→ **Data section**
↓
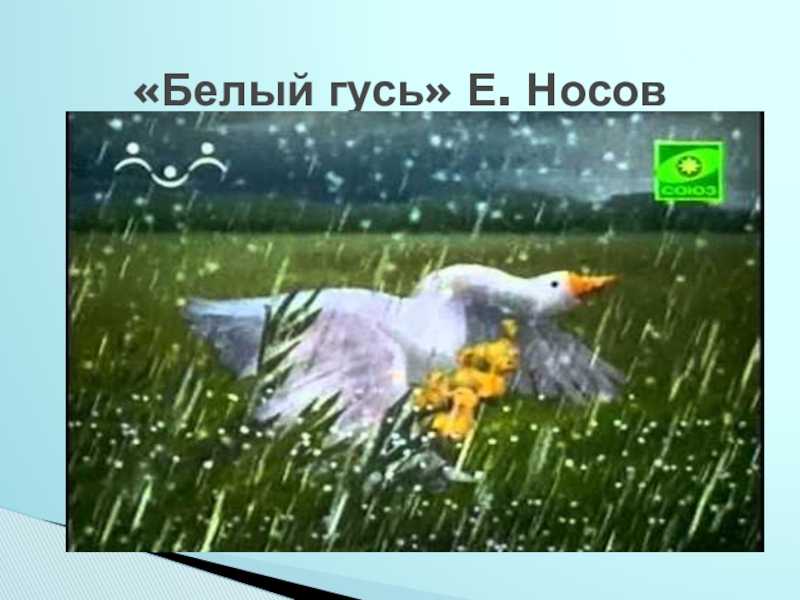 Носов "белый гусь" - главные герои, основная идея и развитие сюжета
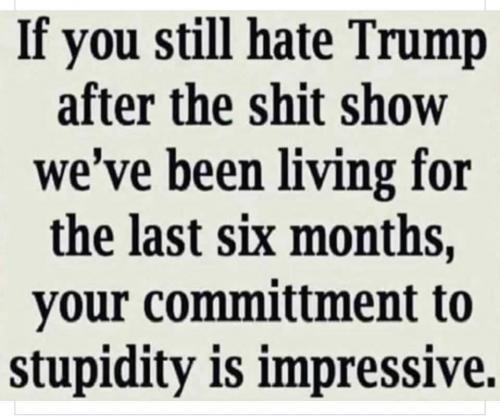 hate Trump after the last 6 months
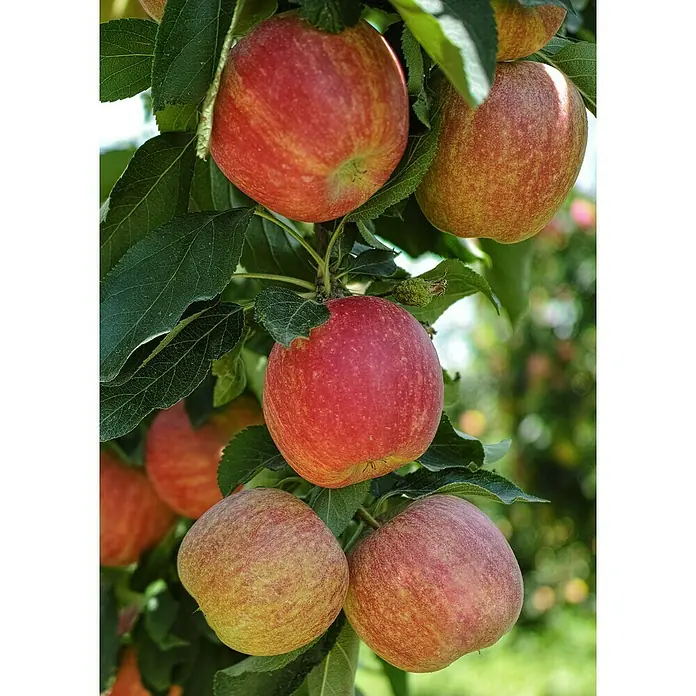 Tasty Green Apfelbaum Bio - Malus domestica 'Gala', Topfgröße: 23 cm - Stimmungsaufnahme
↑
→ **Exercise**
The task calls for repeating each line above exactly while excluding the pictures.

→ **Output**
 Носов "белый гусь" - главные герои, основная идея и развитие сюжета
 hate Trump after the last 6 months
 Tasty Green Apfelbaum Bio - Malus domestica 'Gala', Topfgröße: 23 cm - Stimmungsaufnahme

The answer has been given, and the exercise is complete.